Why BSD? I guess I’d have to admit that I have an affinity for oddball setups - but I also wondered if it’d be simpler than a Linux solution. I love Linux - in fact, this router is running in a VM on a Linux system that’s also running Home Assistant (more about that in the future, perhaps), but over time distros have become super complicated. BSD has a reputation for being ‘simpler’.

Often, my oddball setups mean a bunch of wasted time and a return to the mainstream, but I’m happy to say that I do not regret this choice at all. OpenBSD is wonderful for this task. It’s small. I allocated 512MB of RAM to the VM, and it’s using 183MB of it. It’s using about 2G of disk space, without really any attempt on my part to keep it small beyond the obvious (no windowing system or games installed). Installation was super simple3.

After installation: run top and there’s basically nothing running beyond what’s needed to make networking work. It’s just so refreshingly empty. No maze of SystemD services here4.

Most everything is configured using text files in /etc - usually with simple examples provided. System service configuration is just done in a text file too - though there’s also a rcctl command line if you’d rather.

An unforeseen bonus: web searches for help and advice on setting things up, well, they work!
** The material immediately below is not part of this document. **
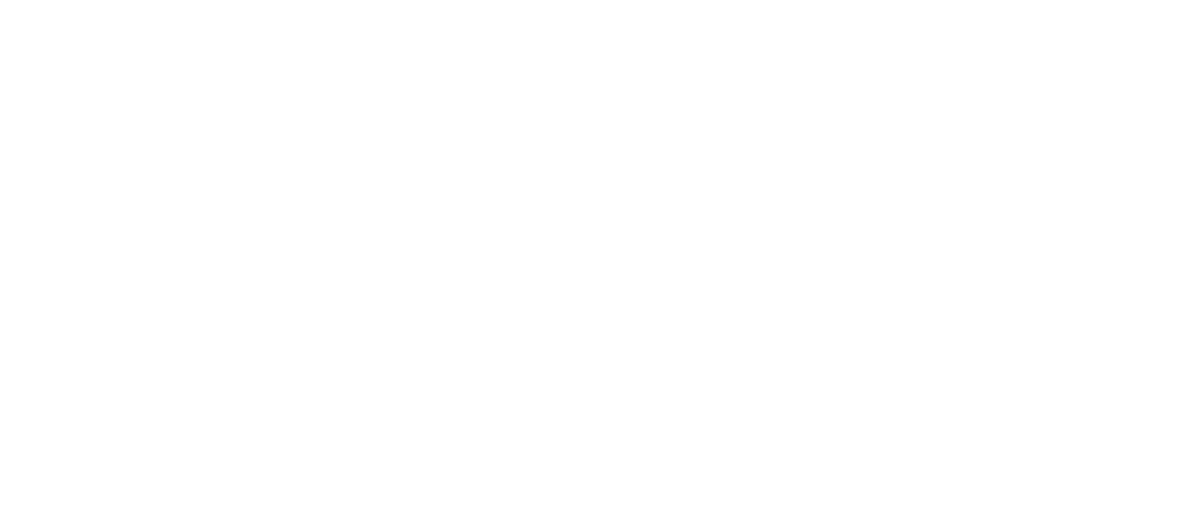Votre image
There’s no morass of SEO spam and AI slop aimed at OpenBSD users. These days, with Linux, I find myself wading through a plethora of web sites with names like tech-4u.com and howto-homeonlinux-good.info containing at best reworded man pages and, more often, plausible but wrong solutions with recipe-site level introductory paragraphs. Searching for OpenBSD advice, and you’ll still find thoughtfully written personal and academic blog posts, mailing list archives with questions and answers from real people, and personal sites with notes-to-self. It’s like, in a good way, the 2000s again.

Did I say “recipe-site level introductory paragraphs”? Let’s get to it - how to set up an OpenBSD-based router for home use. NAT for IPv4, native IPv6, and all that good stuff.

Ingredients

You’ll need a computer with two network ports (not necessarily x86 - there are a plethora of platforms supported by OpenBSD), well, that’s about it.
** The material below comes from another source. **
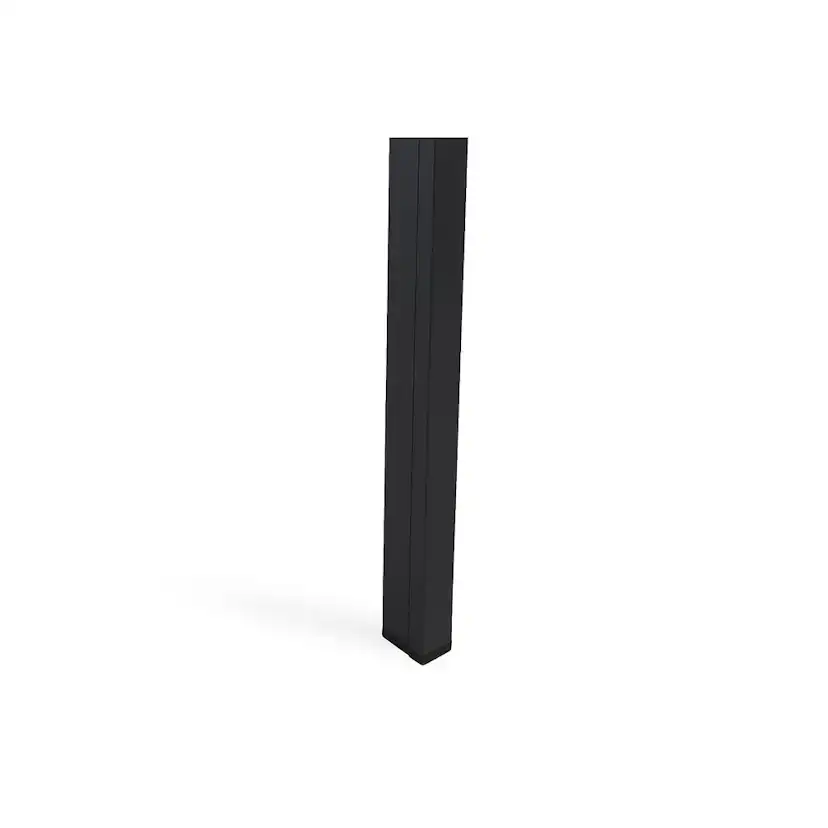 Bord Comfort Garden Tunis 90x90 cm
My hardware is a Mac mini (Late 2014), with an Intel Core i5 4260u, with an SSD5 replacing the original hard drive. A cheap used Apple Thunderbolt Ethernet adapter from eBay provides the second port6.

It’s not really important for this article other than how it affects the network port naming, but I’m actually running Debian on this hardware, with the OpenBSD router running inside a QEMU virtual machine. The WAN is connected to the built-in gigabit port, with the PCI hardware passed through directly to the VM for OpenBSD to manage natively. The ‘LAN’ port in OpenBSD is a QEMU virtual network interface7.

Okay, first, install! The OpenBSD handbook has comprehensive installation instructions. TL;DR: download the appropriate disk image8, and install it on your hardware. I minused-out all the X11-related things, and the games package. If you were going for a super-small installation, you could also disable the compilers package - I installed that but have never needed them.

After installation was complete, I pkg-added a couple of my can’t-live-without packages - vim, fish, htop - and went about setting up the router.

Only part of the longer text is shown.